Date:	2008-04-01 08:04:21
Message-ID:	1207037061.4238.8.camel@ebony.site
Views:	Raw Message \| Whole Thread \| Download mbox \| Resend email
Lists:	pgsql-general pgsql-hackers

On Tue, 2008-04-01 at 13:07 +0530, Pavan Deolasee wrote:

> Please see the attached patch. One change I made is to hold the SHARE lock
> on the page while ANALYZE is reading tuples from it. I thought it would
> be a right thing to do instead of repeatedly acquiring/releasing the lock.

ANALYZE is a secondary task and so we shouldn't be speeding it up at the
possible expense of other primary tasks. So I think holding locks for
longer than minimum is not good in this case and I see no reason to make
the change described.

We can speed up ANALYZE by using the background reader to preread the
blocks, assuming bgreader will happen one day.

--
Simon Riggs
2ndQuadrant http://www.2ndQuadrant.com

PostgreSQL UK 2008 Conference: http://www.postgresql.org.uk

From:	Stuart Brooks <stuartb(at)cat(dot)co(dot)za>
To:	pgsql-general(at)postgresql(dot)org, PostgreSQL-development <pgsql-hackers(at)postgresql(dot)org>
Subject:	Re: [HACKERS] ANALYZE getting dead tuple count hopelessly wrong
Date:	2008-04-01 13:00:31
Message-ID:	47F231EF.6040006@cat.co.za
Views:	Raw Message \| Whole Thread \| Download mbox \| Resend email
Lists:	pgsql-general pgsql-hackers

>> Please do --- I have a lot of other stuff on my plate.
>>
>>
>
> Please see the attached patch.
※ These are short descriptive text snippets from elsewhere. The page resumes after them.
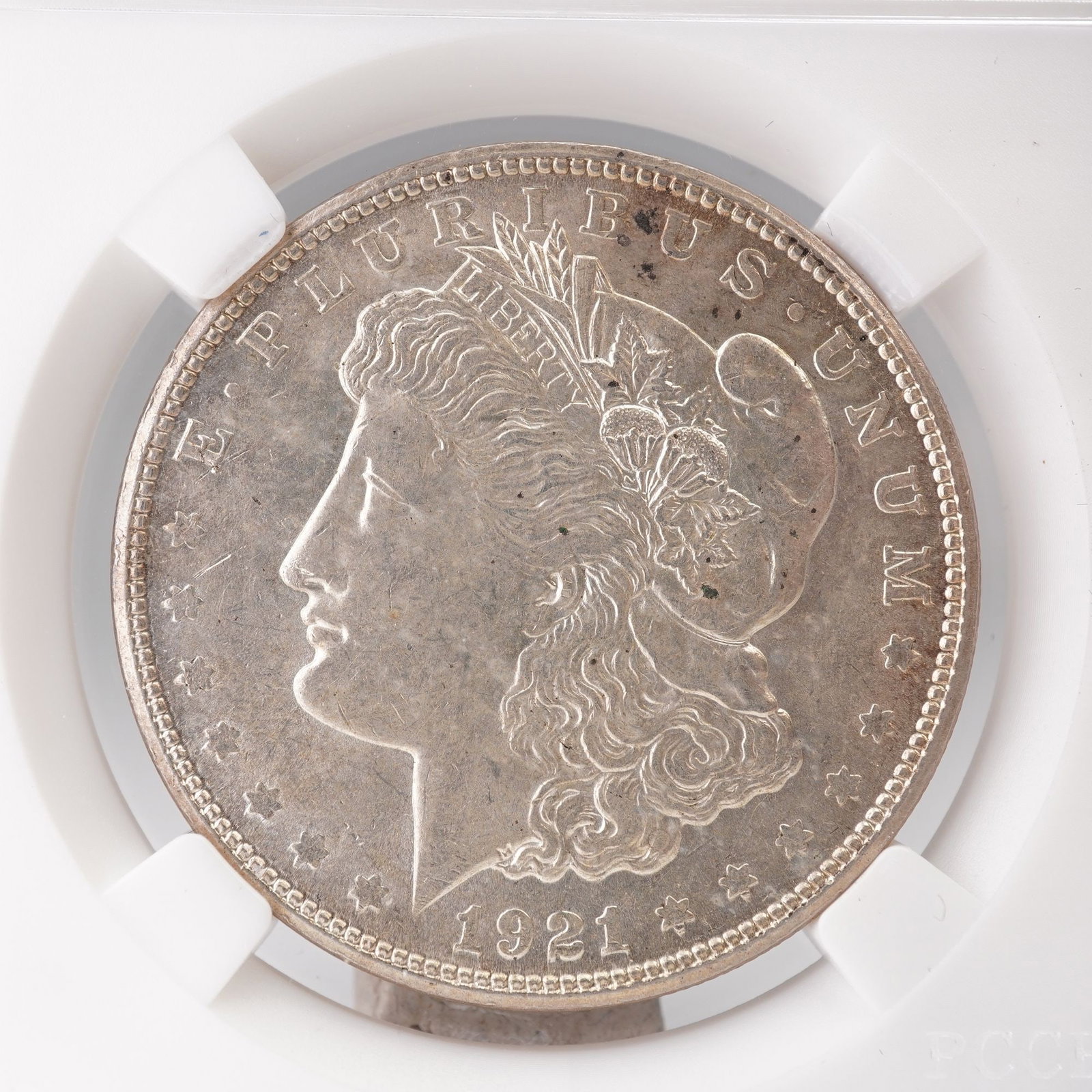 1921-S Morgan Silver Dollar: A 921-S Morgan Silver Dollar, struck at the San Francisco Mint and composed of ninety percent silver. The obverse exhibits the classical left-facing bust of Liberty adorned with a Phrygian cap and agr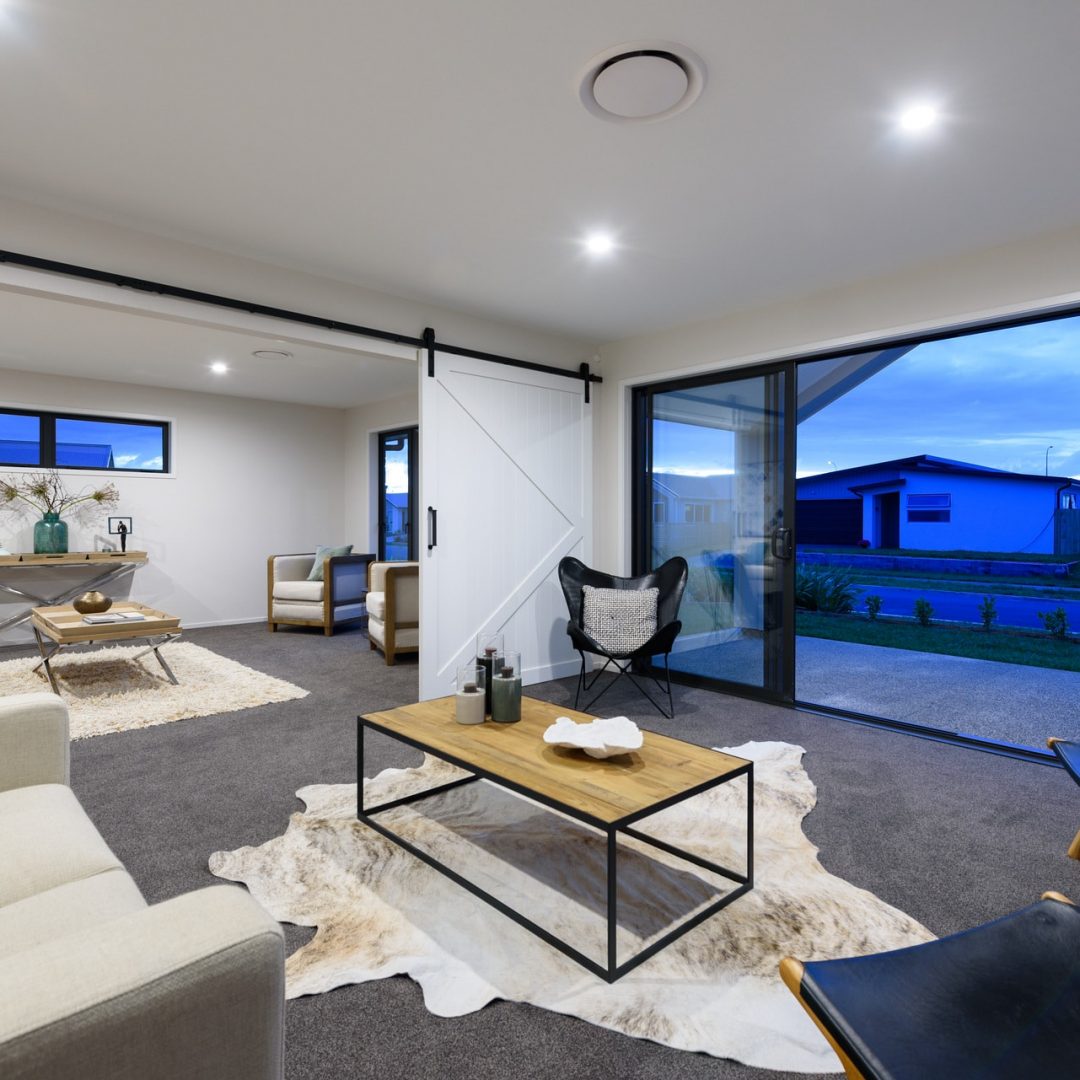 Open plan modern living area design by Deluxe Homes.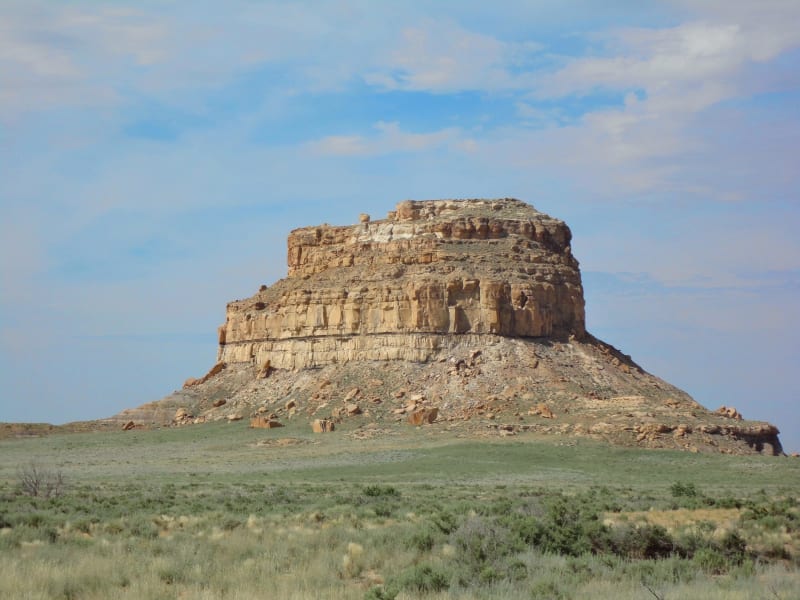 Fajada Butte rising alone above the grassland at the mouth of Chaco Canyon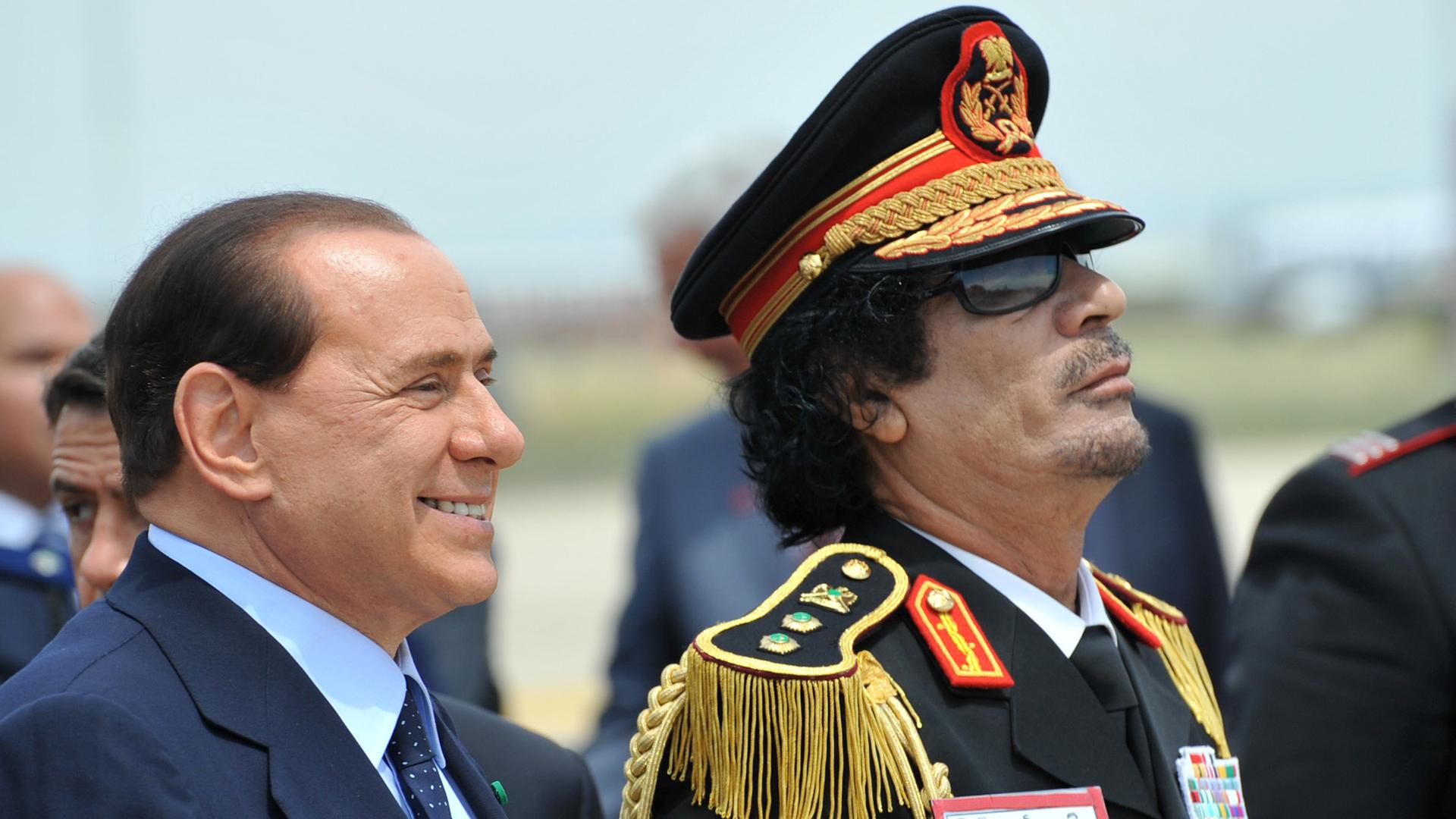 "Killing Gaddafi - Jagd auf den Diktator": Nahaufnahme von Gaddafi und Berlusconi. Sie stehen nebeneinander und schauen in eine Richtung.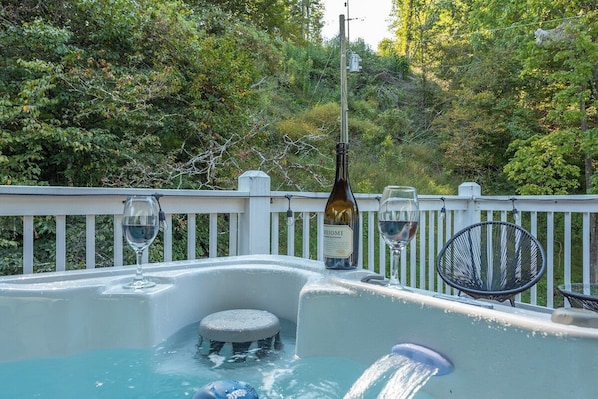 A hot tub with a bottle of wine and glasses, surrounded by a white fence and trees.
One change I made is to hold the SHARE lock
> on the page while ANALYZE is reading tuples from it. I thought it would
> be a right thing to do instead of repeatedly acquiring/releasing the lock.
>
I have applied the patch and have started my test again, it takes a
little while to fill up so I should have the results sometime tomorrow.
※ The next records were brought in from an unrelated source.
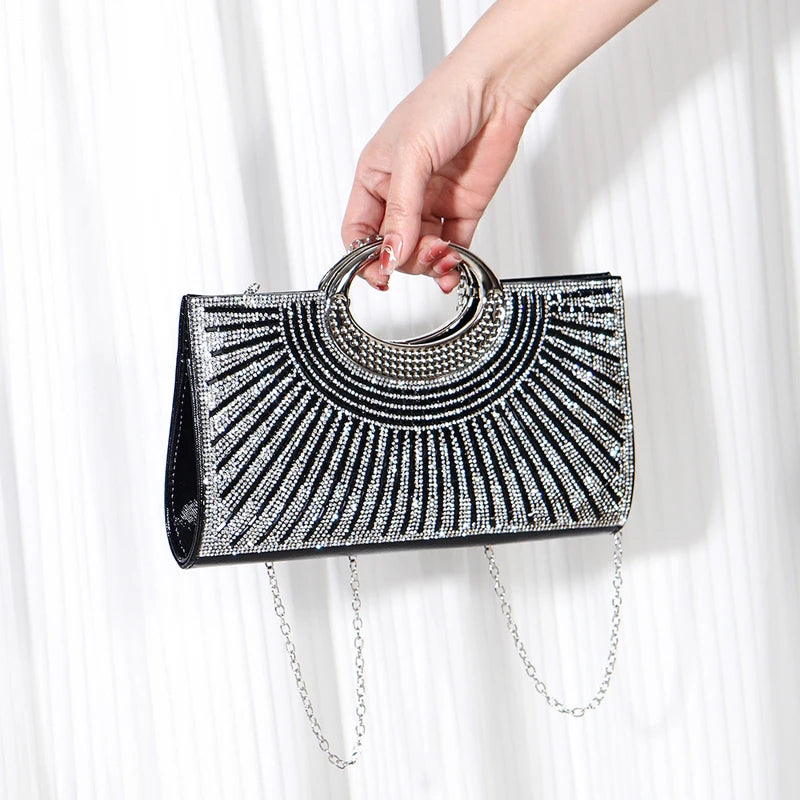 Elegant women's evening clutch bag with sparkling rhinestones and sequins, featuring a chain for wedding or party occasions.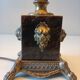 Large antique Empire style lamp in brown marble and bronze – heads of
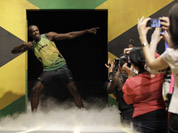 Usain Bolt models a Jamaica Olympic kit designed by Cedella Marley, daughter of Bob Marley, during the kit unveiling in London.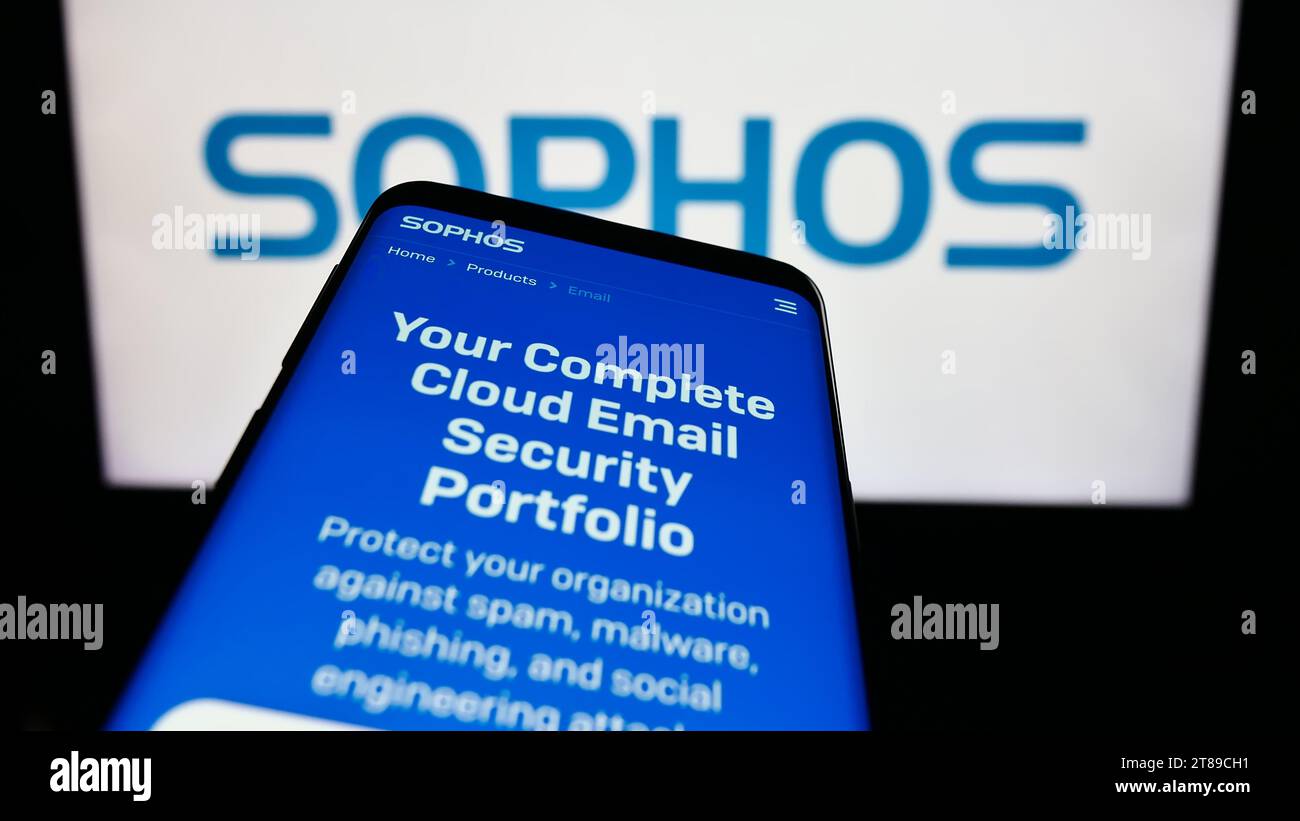 Smartphone with website of British security software company Sophos Group plc in front of business logo. Focus on top-left of phone display. Stock Photo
Thanks for the quick response.
Stuart

From:	Tom Lane <tgl(at)sss(dot)pgh(dot)pa(dot)us>
To:	Simon Riggs <simon(at)2ndquadrant(dot)com>
Cc:	Pavan Deolasee <pavan(dot)deolasee(at)gmail(dot)com>, Stuart Brooks <stuartb(at)cat(dot)co(dot)za>, pgsql-general(at)postgresql(dot)org, PostgreSQL-development <pgsql-hackers(at)postgresql(dot)org>
Subject:	Re: [HACKERS] ANALYZE getting dead tuple count hopelessly wrong
Date:	2008-04-01 14:22:03
Message-ID:	1678.1207059723@sss.pgh.pa.us
Views:	Raw Message \| Whole Thread \| Download mbox \| Resend email
Lists:	pgsql-general pgsql-hackers

Simon Riggs <simon(at)2ndquadrant(dot)com> writes:
> On Tue, 2008-04-01 at 13:07 +0530, Pavan Deolasee wrote:
>> Please see the attached patch. One change I made is to hold the SHARE lock
>> on the page while ANALYZE is reading tuples from it. I thought it would
>> be a right thing to do instead of repeatedly acquiring/releasing the lock.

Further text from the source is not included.